You’ve got to be joking. Honestly, I think my brain’s going to explode. I was ready to leave this behind, and now I’m not so sure.
First, David Weinberger writes an essay that quite ably argues that although there may be echo chambers per se, at least in terms of politics (which is a very minor slice of the whole pie, of course), on the web, there are in fact a multitude of them, and as a consequence we are able both in principle and in practice to expose ourselves to a greater range of opinion and interpretation than we might otherwise be. The space (if it can be well-described in spatial terms, a discussion long-past and best left buried under the azalea bush out back, perhaps) as a whole isn’t an echo chamber, he argues, if I understand him correctly: it is a vast concatenation of echo chambers, varying in their vehemence and level of groupthink, and thus benign. A metachamber, not ringing with echoes at all, but with the grand hubbub that is the sounds of the little echo chambers (occasionally with a population of one) singing into the void.
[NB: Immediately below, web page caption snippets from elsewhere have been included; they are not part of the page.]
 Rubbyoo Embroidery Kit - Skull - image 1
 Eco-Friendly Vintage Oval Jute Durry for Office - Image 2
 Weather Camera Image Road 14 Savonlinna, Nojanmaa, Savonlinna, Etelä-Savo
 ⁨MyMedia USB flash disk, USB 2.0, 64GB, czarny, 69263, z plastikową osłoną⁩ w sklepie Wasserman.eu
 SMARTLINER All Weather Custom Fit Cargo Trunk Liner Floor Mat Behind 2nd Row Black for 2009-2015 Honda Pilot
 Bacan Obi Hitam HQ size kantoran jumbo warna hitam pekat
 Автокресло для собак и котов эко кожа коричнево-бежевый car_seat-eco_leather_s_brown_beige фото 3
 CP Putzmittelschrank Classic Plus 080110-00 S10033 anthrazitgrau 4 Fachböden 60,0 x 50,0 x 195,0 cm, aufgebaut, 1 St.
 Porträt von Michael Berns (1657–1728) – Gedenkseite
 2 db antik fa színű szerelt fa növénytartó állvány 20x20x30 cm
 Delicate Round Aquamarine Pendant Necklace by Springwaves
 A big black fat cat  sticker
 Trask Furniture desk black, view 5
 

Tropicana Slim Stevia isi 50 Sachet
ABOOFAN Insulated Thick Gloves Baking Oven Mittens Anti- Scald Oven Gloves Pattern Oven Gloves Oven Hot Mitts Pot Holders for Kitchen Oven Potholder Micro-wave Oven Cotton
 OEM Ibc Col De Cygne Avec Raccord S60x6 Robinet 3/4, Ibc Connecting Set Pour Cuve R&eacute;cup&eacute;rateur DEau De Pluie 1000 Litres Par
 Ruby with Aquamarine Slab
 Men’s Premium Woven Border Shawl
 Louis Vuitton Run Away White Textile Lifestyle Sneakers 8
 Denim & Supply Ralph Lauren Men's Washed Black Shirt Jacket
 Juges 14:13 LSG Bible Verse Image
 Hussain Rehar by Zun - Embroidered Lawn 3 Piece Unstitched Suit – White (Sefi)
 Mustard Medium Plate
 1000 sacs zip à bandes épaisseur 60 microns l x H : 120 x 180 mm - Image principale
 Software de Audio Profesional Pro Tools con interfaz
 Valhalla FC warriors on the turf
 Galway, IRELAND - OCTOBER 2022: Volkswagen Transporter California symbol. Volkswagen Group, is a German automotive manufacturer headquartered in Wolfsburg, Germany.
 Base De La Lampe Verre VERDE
I’d argue that this is saying precisely nothing. I would argue that the weblog world is getting topheavy with pundits and supastars and, heaven forbid, leaders, who may (or may not) have gotten there from sheer merit, I admit, but that this trend is making thinking about the medium taste more like top-down pearls before swine than I’m entirely comfortable with.
I would argue that it is a tautology that the internet is a group of groups, and those groups, as a result of human nature, tend to organically accrete around shared common interests and beliefs, just as they do in the real world, and further that it is easier on the internet to be mobile between groups, sometimes radically different ones. This, I agree, is one of the great things about our digital lives. Unfortunately, unlike in real life, it is also far easier for participants to express themselves in ways more extreme than they might do in their ‘real lives’, and the echo chambers where there’s a self-reinforcing feedback loop of — shall we say — excessive zeal can turn evil or stupid or both very quickly indeed. But this isn’t what Dr W is talking about, I don’t think.
And I’m not entirely sure that I agree. Why is it a good thing, exactly? I suggest that the less writing (isn’t that what this is all about, out here in the ASCII (sorry, UTF-8) world? the writing?) and the more self-congratulation that goes on, the less relevance personal websitery seems to actually have to anyone, including its practitioners.
Next (and I don’t mean to get all up in David’s face, but he started me on this) Dr W anticipates a second Bloggercon and mentions that Dave Winer is planning to “ask each of the moderators to work ‘Nuking the Echo Chamber’ into the discussion”, and notes that Winer asks “How do we methodically and systematically overcome the tendency for echo chambers to form and self-perpetuate?”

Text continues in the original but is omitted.